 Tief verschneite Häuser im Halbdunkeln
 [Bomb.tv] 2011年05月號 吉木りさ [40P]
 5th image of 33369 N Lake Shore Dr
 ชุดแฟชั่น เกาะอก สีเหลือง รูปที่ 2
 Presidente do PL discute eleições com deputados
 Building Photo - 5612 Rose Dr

════════

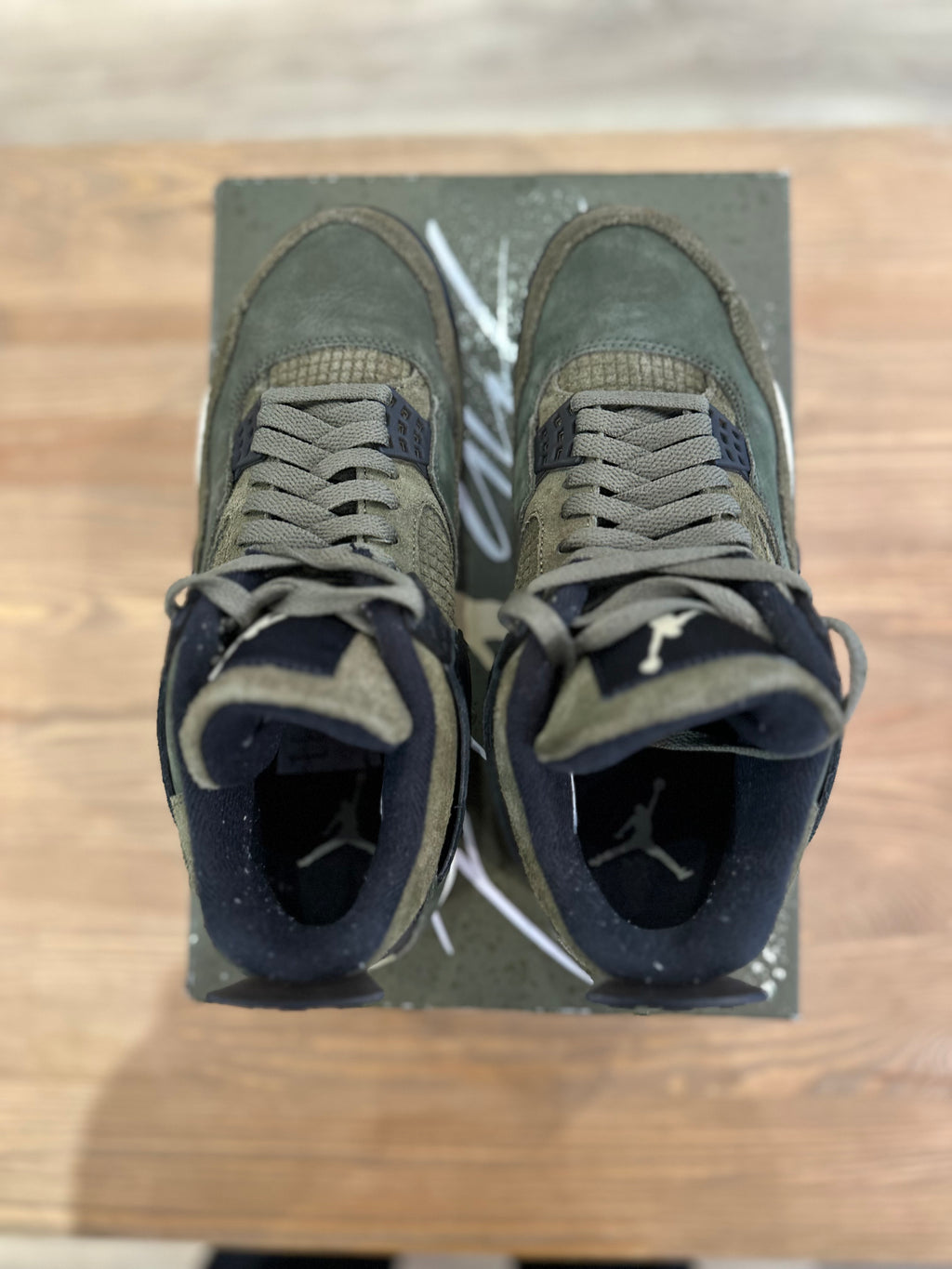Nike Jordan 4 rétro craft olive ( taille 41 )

════════

▸ EXERCISE GOAL:
Here the output must be the lines above from the line with "Tief verschneite Häuser im Halbdunkeln" to the line with "Building Photo - 5612 Rose Dr", both included, duplicated word for word and nothing else.

▸ COMPLETED EXERCISE:
 Tief verschneite Häuser im Halbdunkeln
 [Bomb.tv] 2011年05月號 吉木りさ [40P]
 5th image of 33369 N Lake Shore Dr
 ชุดแฟชั่น เกาะอก สีเหลือง รูปที่ 2
 Presidente do PL discute eleições com deputados
 Building Photo - 5612 Rose Dr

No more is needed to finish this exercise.